* _Material for this task_
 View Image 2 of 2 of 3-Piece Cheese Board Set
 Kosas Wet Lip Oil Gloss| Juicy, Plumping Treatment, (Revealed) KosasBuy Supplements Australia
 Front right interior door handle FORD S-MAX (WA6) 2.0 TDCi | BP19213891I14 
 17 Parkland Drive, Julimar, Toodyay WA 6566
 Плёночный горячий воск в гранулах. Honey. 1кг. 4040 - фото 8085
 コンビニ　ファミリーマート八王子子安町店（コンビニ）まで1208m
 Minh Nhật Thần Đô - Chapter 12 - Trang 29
* * *
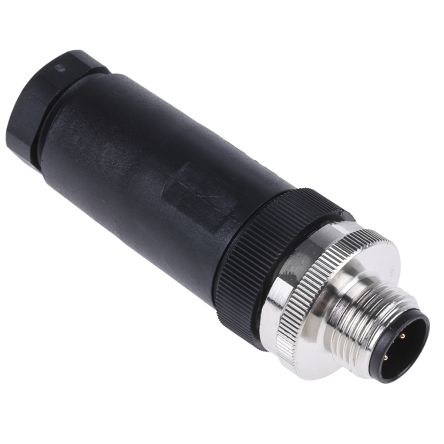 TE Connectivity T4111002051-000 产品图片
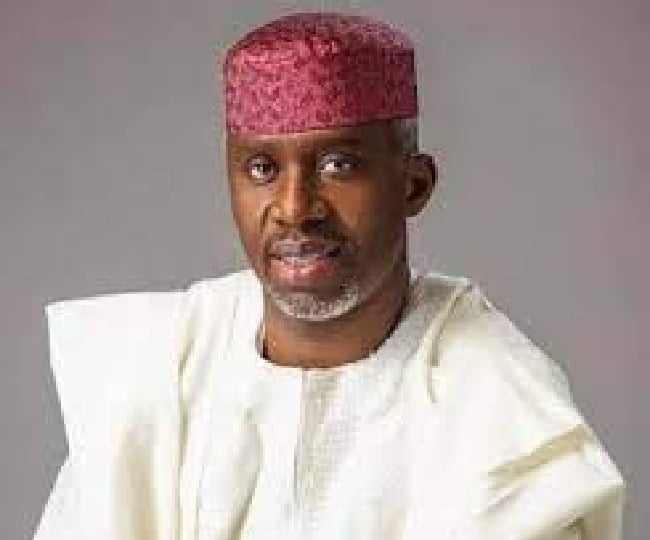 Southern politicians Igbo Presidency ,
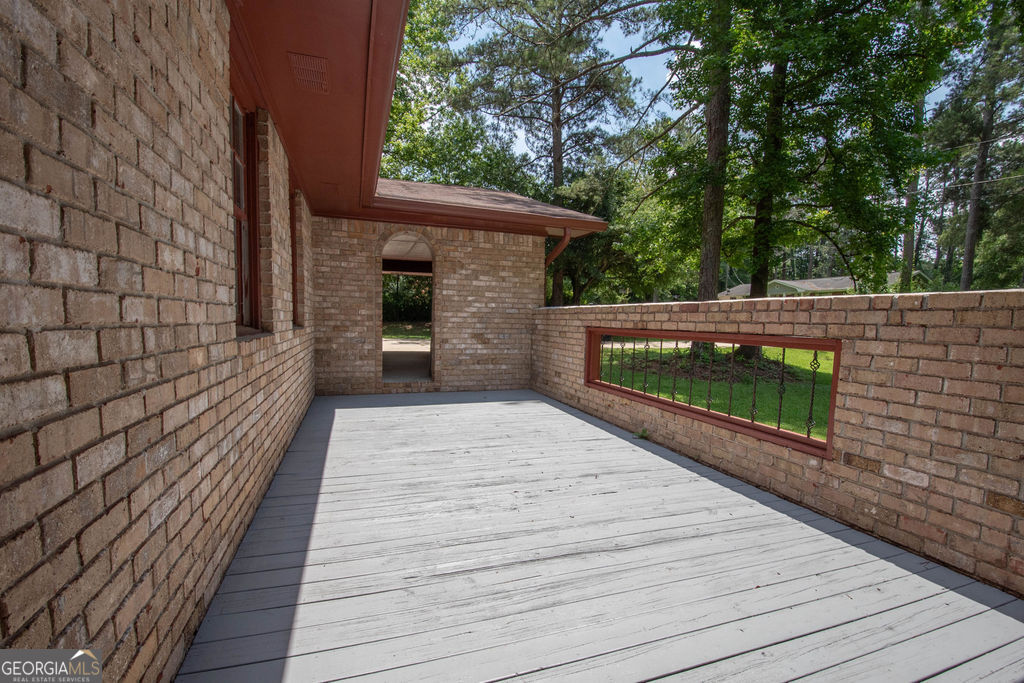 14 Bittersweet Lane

* _Task directions_
In the listing above, find the line containing "Southern politicians Igbo" and the line containing "14 Bittersweet Lane". Print those two lines and every line between them exactly, with no pictures.

* _Completed exercise_
 Southern politicians Igbo Presidency ,
 14 Bittersweet Lane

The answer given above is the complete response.